=== Begin Enclosure ===

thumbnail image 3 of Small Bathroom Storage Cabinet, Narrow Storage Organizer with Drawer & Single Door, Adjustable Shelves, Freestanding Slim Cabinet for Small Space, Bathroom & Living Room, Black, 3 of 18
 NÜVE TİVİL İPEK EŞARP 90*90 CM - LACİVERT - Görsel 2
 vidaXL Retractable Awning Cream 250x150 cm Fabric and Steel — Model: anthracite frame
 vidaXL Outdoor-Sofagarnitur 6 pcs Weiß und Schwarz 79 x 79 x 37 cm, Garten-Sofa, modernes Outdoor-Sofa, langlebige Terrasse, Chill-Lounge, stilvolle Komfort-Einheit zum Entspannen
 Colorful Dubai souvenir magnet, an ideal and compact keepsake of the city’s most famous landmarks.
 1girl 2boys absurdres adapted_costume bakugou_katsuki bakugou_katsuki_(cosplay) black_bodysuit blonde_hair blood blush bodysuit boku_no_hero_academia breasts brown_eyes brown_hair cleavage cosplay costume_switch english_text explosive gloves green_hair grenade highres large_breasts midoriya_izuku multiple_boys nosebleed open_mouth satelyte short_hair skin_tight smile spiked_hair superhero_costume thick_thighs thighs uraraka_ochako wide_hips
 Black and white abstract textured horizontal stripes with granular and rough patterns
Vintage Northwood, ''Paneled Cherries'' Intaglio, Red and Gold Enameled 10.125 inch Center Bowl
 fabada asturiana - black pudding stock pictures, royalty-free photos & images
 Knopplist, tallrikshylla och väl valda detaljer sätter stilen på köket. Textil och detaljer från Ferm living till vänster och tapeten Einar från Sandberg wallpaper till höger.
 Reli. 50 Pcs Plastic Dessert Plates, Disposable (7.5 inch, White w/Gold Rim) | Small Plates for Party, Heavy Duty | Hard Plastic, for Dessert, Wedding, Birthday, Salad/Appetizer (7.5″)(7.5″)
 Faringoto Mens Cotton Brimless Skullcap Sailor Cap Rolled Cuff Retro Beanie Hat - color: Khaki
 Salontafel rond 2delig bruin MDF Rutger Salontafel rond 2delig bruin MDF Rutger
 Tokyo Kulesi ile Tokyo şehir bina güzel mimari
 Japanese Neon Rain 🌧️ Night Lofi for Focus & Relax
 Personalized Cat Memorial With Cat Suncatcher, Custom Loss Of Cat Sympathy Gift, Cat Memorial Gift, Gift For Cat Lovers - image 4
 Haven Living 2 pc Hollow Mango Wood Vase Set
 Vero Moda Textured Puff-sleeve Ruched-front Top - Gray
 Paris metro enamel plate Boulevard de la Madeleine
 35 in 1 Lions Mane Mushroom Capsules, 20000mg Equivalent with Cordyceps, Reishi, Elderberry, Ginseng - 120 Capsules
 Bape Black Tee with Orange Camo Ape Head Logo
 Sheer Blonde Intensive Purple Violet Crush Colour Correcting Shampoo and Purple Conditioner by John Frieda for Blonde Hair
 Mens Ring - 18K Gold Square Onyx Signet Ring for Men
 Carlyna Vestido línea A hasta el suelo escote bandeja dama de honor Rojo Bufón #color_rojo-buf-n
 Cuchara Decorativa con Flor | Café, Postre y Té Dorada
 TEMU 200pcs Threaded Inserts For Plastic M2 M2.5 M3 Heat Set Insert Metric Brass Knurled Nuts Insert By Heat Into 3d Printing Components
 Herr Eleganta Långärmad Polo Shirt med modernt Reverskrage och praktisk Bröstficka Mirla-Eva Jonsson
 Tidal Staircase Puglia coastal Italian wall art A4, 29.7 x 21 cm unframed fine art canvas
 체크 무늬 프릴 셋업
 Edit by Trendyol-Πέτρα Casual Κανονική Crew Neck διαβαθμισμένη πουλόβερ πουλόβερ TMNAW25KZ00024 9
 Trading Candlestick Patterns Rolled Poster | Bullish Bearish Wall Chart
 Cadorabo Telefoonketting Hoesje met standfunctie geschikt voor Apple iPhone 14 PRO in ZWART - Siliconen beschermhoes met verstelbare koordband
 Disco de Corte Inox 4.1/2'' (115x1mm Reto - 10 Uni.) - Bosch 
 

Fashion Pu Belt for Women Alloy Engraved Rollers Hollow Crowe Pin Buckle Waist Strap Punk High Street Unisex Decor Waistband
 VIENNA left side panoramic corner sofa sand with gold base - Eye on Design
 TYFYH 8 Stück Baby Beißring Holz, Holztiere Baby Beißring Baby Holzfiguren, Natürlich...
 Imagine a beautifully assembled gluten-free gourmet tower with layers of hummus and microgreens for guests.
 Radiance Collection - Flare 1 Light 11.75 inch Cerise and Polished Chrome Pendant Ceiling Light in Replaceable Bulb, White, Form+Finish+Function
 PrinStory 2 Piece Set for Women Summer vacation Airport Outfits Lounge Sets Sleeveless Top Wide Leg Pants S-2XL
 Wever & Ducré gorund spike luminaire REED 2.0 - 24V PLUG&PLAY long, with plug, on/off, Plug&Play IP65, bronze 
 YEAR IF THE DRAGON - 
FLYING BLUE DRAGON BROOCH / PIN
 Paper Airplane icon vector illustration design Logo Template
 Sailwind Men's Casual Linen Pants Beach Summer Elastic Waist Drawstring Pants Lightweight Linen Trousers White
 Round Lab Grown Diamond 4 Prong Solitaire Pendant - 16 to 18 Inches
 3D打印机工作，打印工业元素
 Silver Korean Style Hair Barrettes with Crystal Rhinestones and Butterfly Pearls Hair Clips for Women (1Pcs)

=== End Enclosure ===

What you have to do :: Up to and including the line with "Colorful Dubai souvenir", print every line of the material above, starting from its first line, exactly.

Exercise answer ::
thumbnail image 3 of Small Bathroom Storage Cabinet, Narrow Storage Organizer with Drawer & Single Door, Adjustable Shelves, Freestanding Slim Cabinet for Small Space, Bathroom & Living Room, Black, 3 of 18
 NÜVE TİVİL İPEK EŞARP 90*90 CM - LACİVERT - Görsel 2
 vidaXL Retractable Awning Cream 250x150 cm Fabric and Steel — Model: anthracite frame
 vidaXL Outdoor-Sofagarnitur 6 pcs Weiß und Schwarz 79 x 79 x 37 cm, Garten-Sofa, modernes Outdoor-Sofa, langlebige Terrasse, Chill-Lounge, stilvolle Komfort-Einheit zum Entspannen
 Colorful Dubai souvenir magnet, an ideal and compact keepsake of the city’s most famous landmarks.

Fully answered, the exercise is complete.